FIA Kampagne: Online-Befragung von über 12.000 Personen
Die FIA Region I in Brüssel ist als Zusammenschluss von 111 Automobilclubs mit 38 Millionen Mitgliedern in Europa, dem Nahen Osten und Afrika die größte Teilorganisation der Federation Internationale de L`Automobile (FIA). Die FIA setzt sich für die Interessen ihrer Mitglieder als motorisierte Verkehrsteilnehmer, Nutzer öffentlicher Verkehrsmittel, Fußgänger und Reisende ein. Hauptziel der FIA ist die Gewährleistung sicherer, bezahlbarer, nachhaltiger und effizienter Mobilität. Mit Blick auf diese Ziele richtet sich die Arbeit der FIA Region I schwerpunktmäßig auf Verkehrssicherheit, Verbraucherschutz, Umweltschutz und die Förderung eines nachhaltigen Kraftfahrwesens.
Bei der Online-Befragung wurden im Oktober 2015 mehr als 12.000 Personen in Deutschland, Belgien, Frankreich, Finnland, Italien, Holland, Großbritannien, Polen, Tschechien, Dänemark, Spanien und Österreich befragt.
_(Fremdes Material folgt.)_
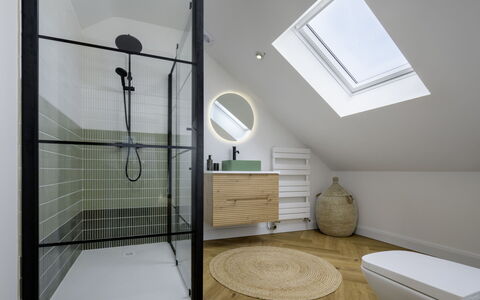 Hampton Coast: Interior Design, Flooring, Armatur, Fussboden, Decke, Badezimmer, Beleuchtung, Light Fixture, Installation, Fliese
In Österreich wurden 1.001 Personen befragt.
Woher kennt mein Autohersteller meine Freunde?
In vernetzten Autos werden die vom Mobiltelefon synchronisierten abgespeicherten Telefonnummern, Adressen und Mailadressen erfasst und im Speicher abgelegt.
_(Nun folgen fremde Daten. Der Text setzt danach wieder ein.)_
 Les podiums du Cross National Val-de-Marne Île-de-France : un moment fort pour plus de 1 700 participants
Ein Test der FIA zeigt, dass in vernetzten Autos auch die vom Mobiltelefon synchronisierten abgespeicherten Telefonnummern, Adressen und Mailadressen erfasst und im Speicher abgelegt werden.
Der Vorteil: Sucht man übers Fahrzeug-Display einen Kontakt, dann geht das viel schneller, wenn diese lokal im Auto gespeichert sind.
Das Risiko: Diese Daten können auch an den Hersteller übermittelt und bei Wartungsarbeiten von einer Werkstätte ausgelesen werden. Ohne, dass der Besitzer das weiß oder gefragt wird.
Ich möchte selbst bestimmen, wer mein Auto repariert!
In vernetzten Autos werden viele Daten erfasst. Gespeichert werden kann fast alles, ebenso vielfältig sind die Nutzungsmöglichkeiten. Ein Beispiel: Ist die Bremsbelagsstärke unter dem Soll-Wert, erscheint auf dem Fahrzeug-Display die Aufforderung, eine Werkstätte aufzusuchen. Ein vernetztes Auto könnte online bereits mögliche Termine in einer nahe gelegenen Werkstätte vorschlagen. Ein Hakerl am Display würde das Auto in das herstellereigene Werkstattnetz lotsen. Ohne Preisvergleich, ohne eine zweite Meinung.
Derzeit weiß derzeit nur der Hersteller, welche Daten genau erfasst, gespeichert und an wen übermittelt werden. Zwar besitzen aktuell nur fünf Prozent der Österreicher ein vernetztes Auto. Aber die ab 2018 (für eCall) in alle neuen Fahrzeuge eingebaute SIM-Karte wird die Auto-Vernetzung weiter erleichtern.
Der ÖAMTC ist der Meinung: Die Daten aus dem Fahrzeug gehören dem Fahrer. Gemeinsam mit der FIA setzt sich der ÖAMTC mit der Kampagne "My Car My Data" für klare Regeln zur Datenerfassung und -weitergabe aus dem Auto ein.